> _Task details_:
The required output consists solely of the lines from the line containing "Building Photo - Marquette Housing- 509" through the end of the records, copied exactly.

(Records from a collection)
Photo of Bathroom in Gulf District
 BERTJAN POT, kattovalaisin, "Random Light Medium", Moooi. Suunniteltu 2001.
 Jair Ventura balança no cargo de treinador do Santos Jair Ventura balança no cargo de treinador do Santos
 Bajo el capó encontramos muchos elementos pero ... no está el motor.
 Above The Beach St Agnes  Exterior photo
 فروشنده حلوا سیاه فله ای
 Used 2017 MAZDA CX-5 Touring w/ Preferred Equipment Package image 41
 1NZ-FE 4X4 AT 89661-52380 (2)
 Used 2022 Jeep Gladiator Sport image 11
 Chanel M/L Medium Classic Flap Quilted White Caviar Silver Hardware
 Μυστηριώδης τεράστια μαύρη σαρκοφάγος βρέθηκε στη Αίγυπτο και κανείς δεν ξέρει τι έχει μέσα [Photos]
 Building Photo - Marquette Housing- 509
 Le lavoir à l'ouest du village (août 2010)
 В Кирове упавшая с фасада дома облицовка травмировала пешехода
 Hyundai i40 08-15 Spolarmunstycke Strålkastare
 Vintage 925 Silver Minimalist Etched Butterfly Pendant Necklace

> _Solution for this problem_:
 Building Photo - Marquette Housing- 509
 Le lavoir à l'ouest du village (août 2010)
 В Кирове упавшая с фасада дома облицовка травмировала пешехода
 Hyundai i40 08-15 Spolarmunstycke Strålkastare
 Vintage 925 Silver Minimalist Etched Butterfly Pendant Necklace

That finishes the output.